_barti_ Napisano 1 Czerwca 2007 Napisano 1 Czerwca 2007 Chce połowić okonie na boczny trok. Na spining. Tylko nie idzie mi wbijanie tych haczyków. a jak grot wystaje w połowie gumy to już lepiej? Pozdrawiam
Lary Napisano 1 Czerwca 2007 Napisano 1 Czerwca 2007 Po pierwsze jezeli okoń to 3cm jest ok do bocznego trokka. Po drugie jak wbijasz hak w gumę to którą stroną go wbijasz bo wydaje (może śmieszne pytanie) ostrzem czy tym oczkiem bo widziałem juz magików którzy robili to na odwyrtkę
_barti_ Napisano 1 Czerwca 2007 Napisano 1 Czerwca 2007 Ostrzem wbijam. Tylko że szybko mi sie przebija grot na zewnątrz, choć haczyk jest na tyle długi że mógłby jeszcze wejść głębiej:/ Pozdrawiam
Lary Napisano 1 Czerwca 2007 Napisano 1 Czerwca 2007 To weź tę gumę tak wygnij (podda sie na pewo) i tak prowadź po haku aby hak nie przebił jej. Trening czyni mistrza.
Lary Napisano 1 Czerwca 2007 Napisano 1 Czerwca 2007 Nie ma sprawy po to jest forum. Pamiętaj że cierpliwość to drugie imię wędkarza Może dasz fotke tego co zdziałałeś z tą gumą. Pamiętaj że jeśli nastawiasz się na okonia to numerem jeden jest twister "motor oil" jak powiesz w sklepie to będą wiedzieli o co chodzi ja na ten kolor połapałem również sporo dużych leszczy jako przyłów w pogoni za okoniem.

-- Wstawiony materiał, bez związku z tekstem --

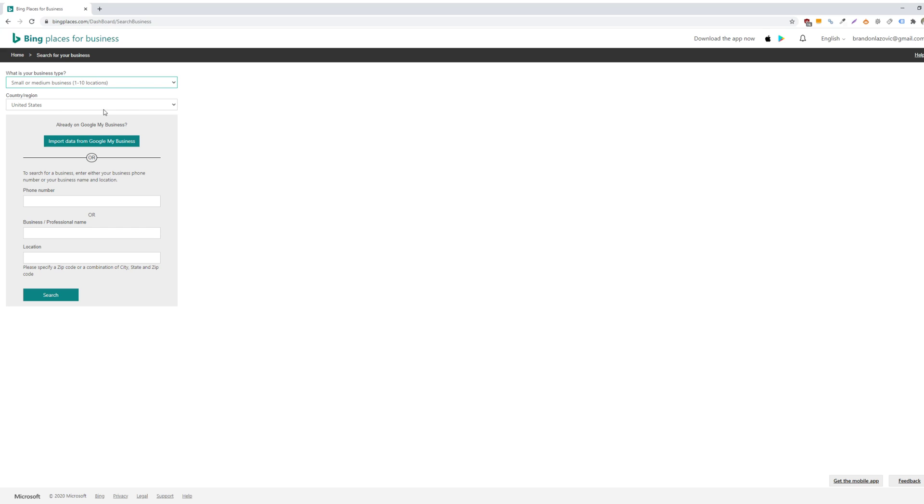And again, if you were just like this option, you can either verify using Google My Business, or Bing Places will provide you with an Excel spreadsheet template where you would include your desired information for the listings, and then re-upload that template into Bing Places to verify and automatically create those listings for your more than 10 locations.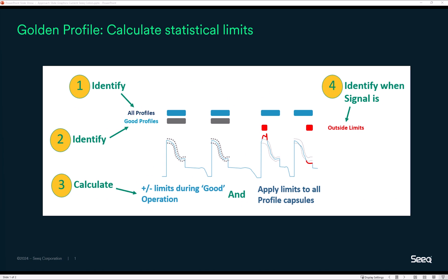This graphic illustrates nicely the four main steps in building a golden profile use case. Step one identifies all those recurring time periods that we want to focus on, which might be overall batches, startups, product transitions, rate changes, or many other possibilities.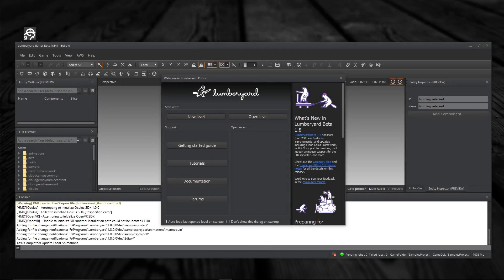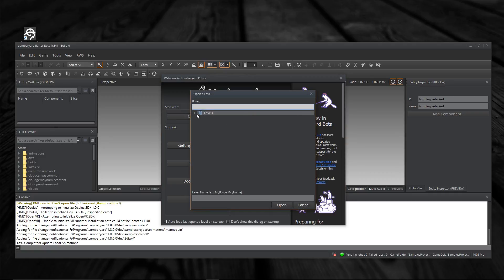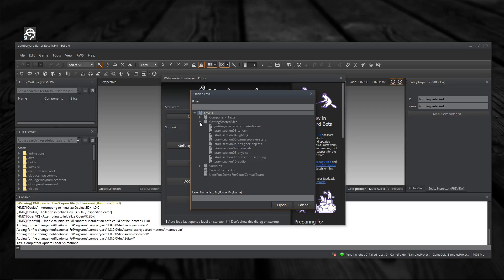So Lumberyard's running. Outstanding — we got it working. Let's check out a level. Open a level. We've got... here's a getting started completed level. Let's open that one.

Gucio Napisano 4 Maja 2008 Napisano 4 Maja 2008 Witam wszystkich!! Dzisiaj poszedłem na ryby...(z tatą) (OFIAR DĄBIA WISŁA W KRAKOWIE) Wszystko pięknie ładnie i wogóle,wykosili trawe na łowisku i łatwiej było chodzic po brzegach no ale trzeba teraz cos połowić nie?No to zaczynamy wyciągam wędke rozkładam ją zakładam przynętę(rippera niebiesko białego). i zaczynamy chodzic i rzucac z tą przynętą.ale cholera co jest? nic nie bierze przeszedłem pól rzeki i kurde nic nawet jednego puknięcia. przynęty zmienialem i mienialem i tez nic!! jesli chodzi o prowwadzenie to roznie probowalem z opadami itd. łowi ktoś tu może? i zna ktos to lowisko? CO JA ROBIE Źle!!!!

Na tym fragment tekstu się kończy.